The data:
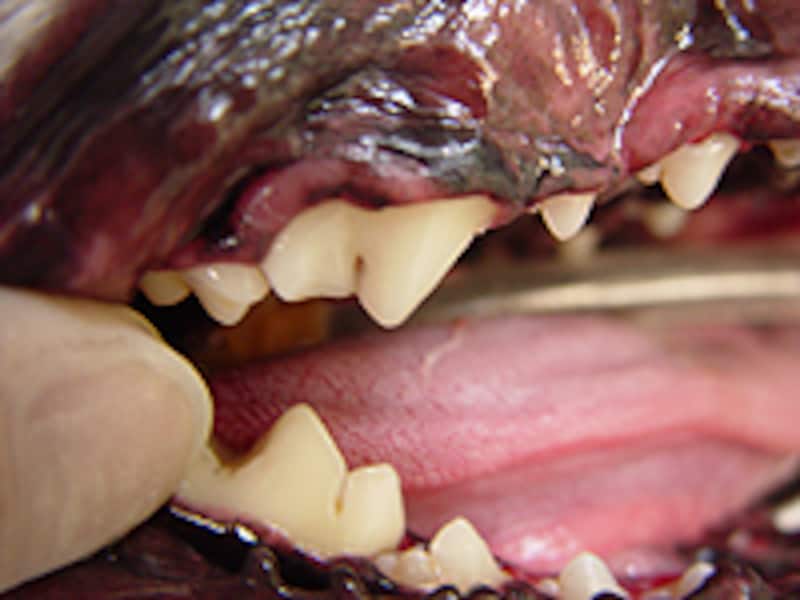 処置終了後の歯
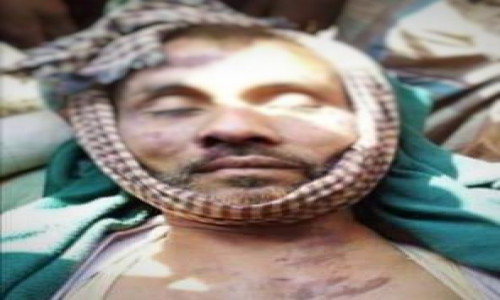 বান্দরবানে বন্য হাতির আক্রমনে প্রাণ গেল কৃষকের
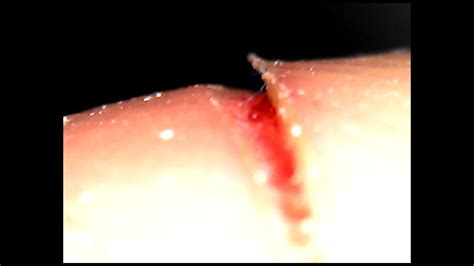 Cómo se ve una herida en un microscopio digital   YouTube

Work item: Each line of the listing is to be retyped exactly, and its pictures are to be dropped.

Solution to the problem:
 処置終了後の歯
 বান্দরবানে বন্য হাতির আক্রমনে প্রাণ গেল কৃষকের
 Cómo se ve una herida en un microscopio digital   YouTube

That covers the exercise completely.